EXERCISE REQUIREMENTS
Please return, word for word, the line containing "Building Photo - 8634 Lighthorse Dr" and each line after it through the end of the data below, and nothing else.

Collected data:
_ _ _ _ _ _ _

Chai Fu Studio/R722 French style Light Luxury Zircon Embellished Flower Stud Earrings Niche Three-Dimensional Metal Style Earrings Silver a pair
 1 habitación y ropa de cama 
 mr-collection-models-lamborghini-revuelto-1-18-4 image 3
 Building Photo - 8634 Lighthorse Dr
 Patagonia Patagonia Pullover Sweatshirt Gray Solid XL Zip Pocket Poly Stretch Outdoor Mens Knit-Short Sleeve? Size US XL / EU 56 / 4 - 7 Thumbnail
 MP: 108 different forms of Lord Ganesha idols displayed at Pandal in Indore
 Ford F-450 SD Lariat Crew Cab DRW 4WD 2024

_ _ _ _ _ _ _

EXERCISE RESULT
 Building Photo - 8634 Lighthorse Dr
 Patagonia Patagonia Pullover Sweatshirt Gray Solid XL Zip Pocket Poly Stretch Outdoor Mens Knit-Short Sleeve? Size US XL / EU 56 / 4 - 7 Thumbnail
 MP: 108 different forms of Lord Ganesha idols displayed at Pandal in Indore
 Ford F-450 SD Lariat Crew Cab DRW 4WD 2024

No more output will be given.